Do non-qualified annuities have RMDs?

No. A non-qualified annuity — one bought with after-tax money outside any retirement account — has no required minimum distributions during the owner's lifetime. You can leave it untouched and tax-deferred for as long as you live. Distribution deadlines only appear after death, when beneficiaries must take the money out under the contract's and the tax code's beneficiary rules.

Does annuitizing my IRA annuity satisfy my RMD?

Generally yes, for that contract. Once a qualified annuity is converted into a stream of lifetime or period-certain payments, those payments are treated as satisfying the RMD for the annuitized money. Under SECURE 2.0, you may also be able to aggregate the annuity payments with the rest of the IRA when calculating the total RMD, which can reduce what you must withdraw from the non-annuity side — a meaningful change from the old siloed treatment.

At what age do annuity RMDs start?

RMDs on qualified annuities follow the account's schedule: age 73 under current SECURE 2.0 rules, scheduled to rise to 75 in 2033. Your first RMD can be delayed until April 1 of the year after you reach RMD age, but doing so means taking two distributions that year — the delayed first one and the current year's — which can push you into a higher bracket.

Can I take my IRA's RMD from a different account instead of the annuity?

Often, yes. IRA RMDs can be aggregated: you total the required amount across all your traditional IRAs and take it from whichever IRA you choose, which lets a deferred annuity inside one IRA sit untouched while a brokerage IRA supplies the cash. Employer plans are different — a 401(k)'s RMD must generally come from that plan itself, so an annuity inside a 401(k) has less flexibility.

What happens if I miss an RMD on my annuity?

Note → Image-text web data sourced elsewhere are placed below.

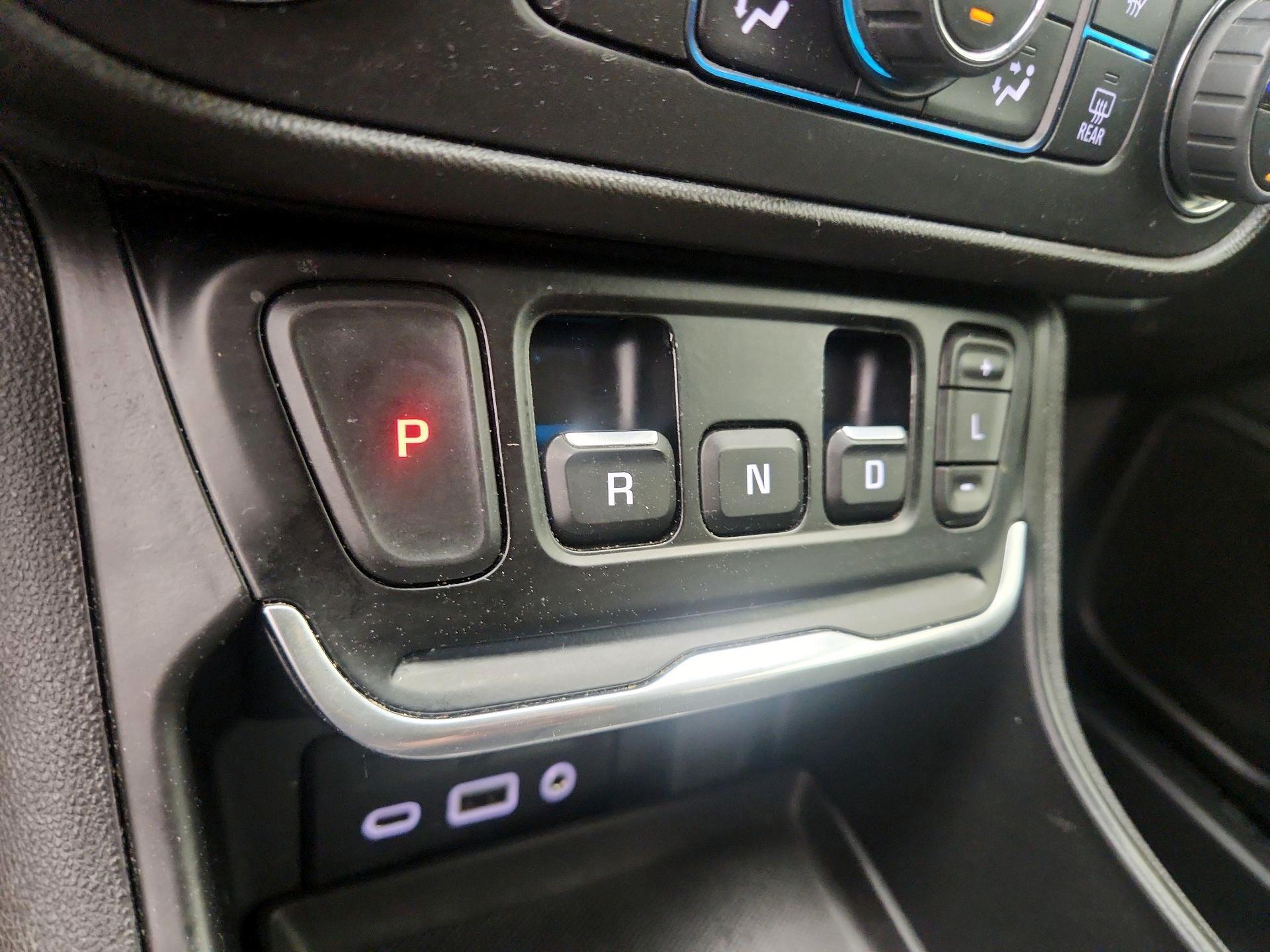 Thumbnail: 2021 GMC Terrain - 17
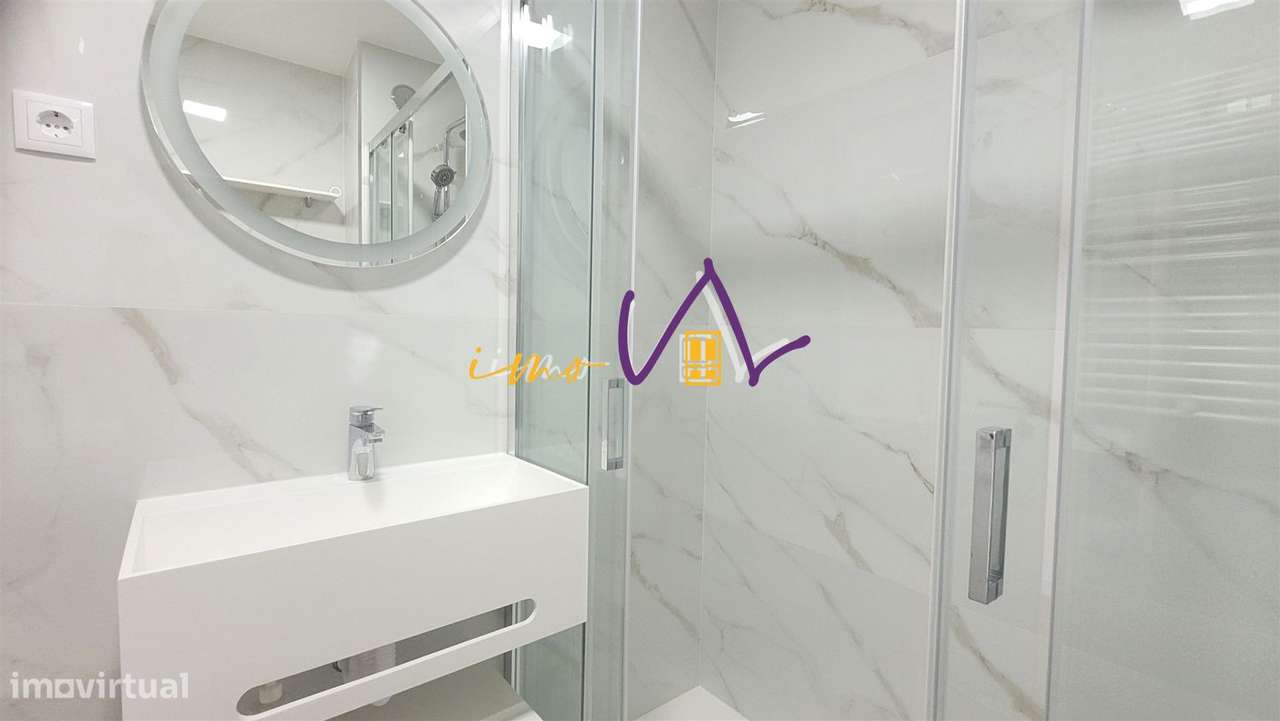 Apartamento T1, primeira linha, vistas de mar-17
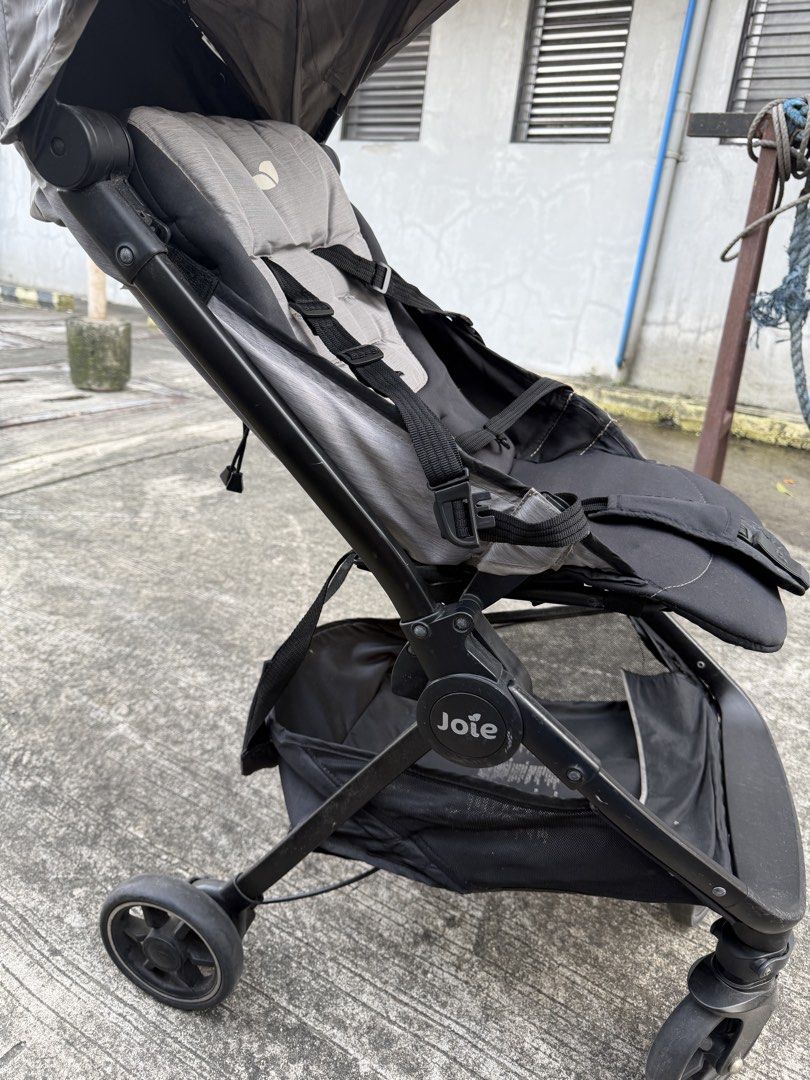 Joie Stroller - Lightweight and Compact (Category: Strollers) located in Makati City. Submitted by dpgaquino_ (Listing ID 1461205586, Image 2). Description: Joie Pact lite compact stroller preloved minor stitching flaws, pwede tahiin lang. For newborn til toddlers Fully Recline Swivel wheels Premium stroller Light weight and compact fold Cabin approved With shoulder strap to carry Super easy fold nito perfect for travel Rfs: Decluttering.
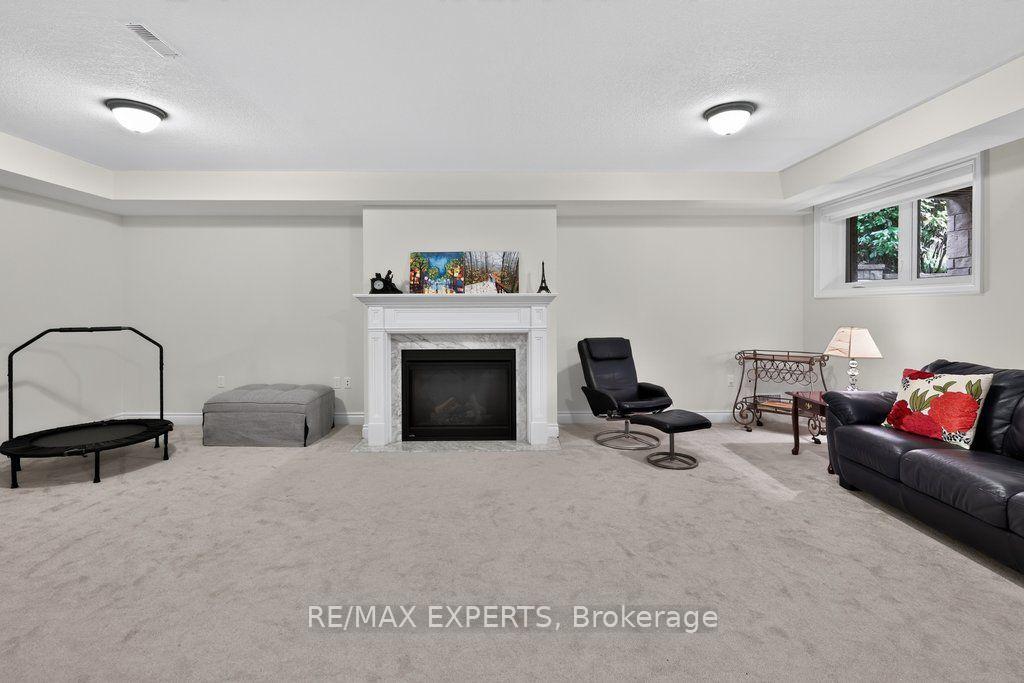 Photo 26 of Unit 15, 19 Westmount Drive, New Tecumseth, Alliston — HOMEH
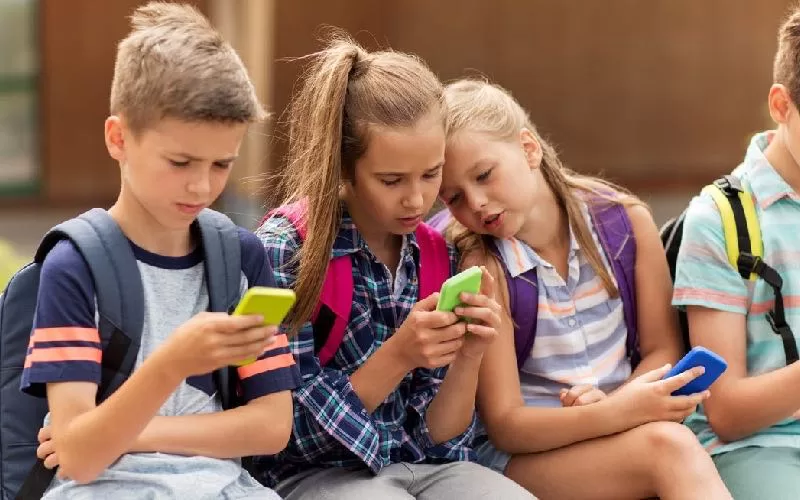 Prohíben menores redes sociales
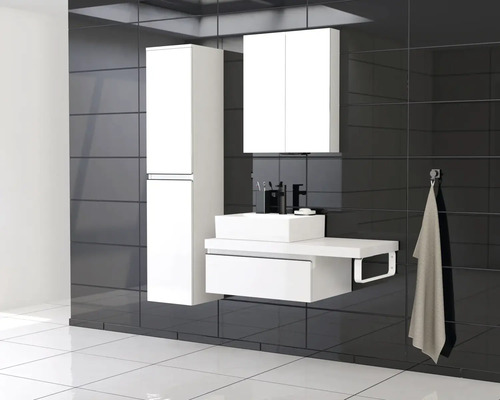 Moderní koupelna s umyvadlem, spodní skříňkou, zrcadlovou skříňkou a vysokou skříňkou před černým obkladem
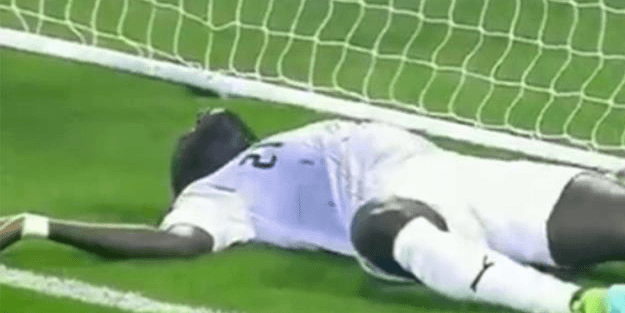 Tecrübeli futbolcu sahada kalp krizi geçirdi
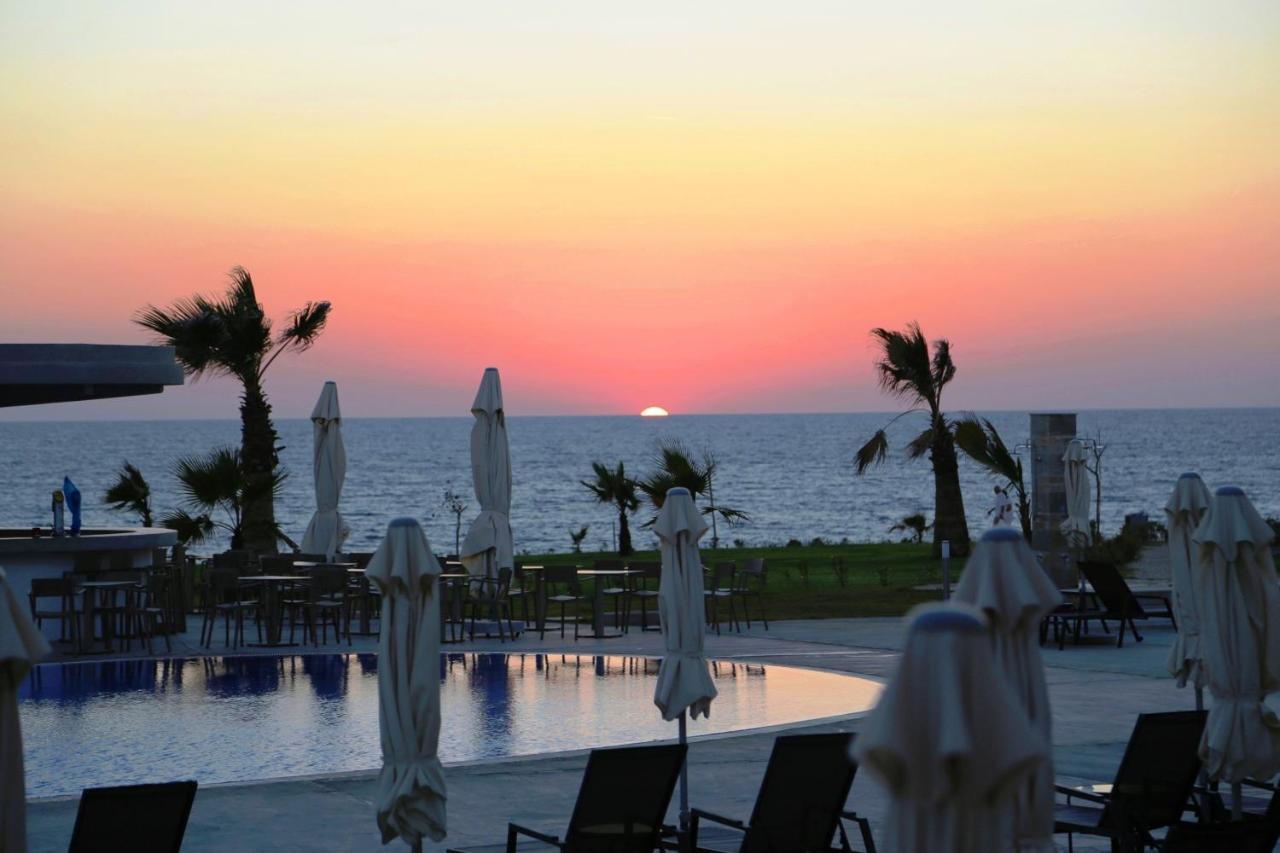 Gold Lagoon Kosher Hotel Пафос Екстериор снимка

The IRS charges an excise tax on the amount you should have withdrawn but didn't — 25% under SECURE 2.0, reduced to 10% if you correct the shortfall within the allowed correction window. The fix is to withdraw the missed amount promptly and file IRS Form 5329; the IRS can also waive the penalty for reasonable cause. Missing an RMD is expensive but usually repairable if you act quickly.

Does a QLAC really let me skip RMDs?

It lets you defer them on part of your money, not skip them. A qualified longevity annuity contract removes the premium you put into it — up to an inflation-indexed IRS dollar limit — from your RMD calculation until its income payments begin, which can be as late as age 85. RMDs on the rest of your IRA continue as normal, and once QLAC payments start, they are taxable income like any other qualified distribution.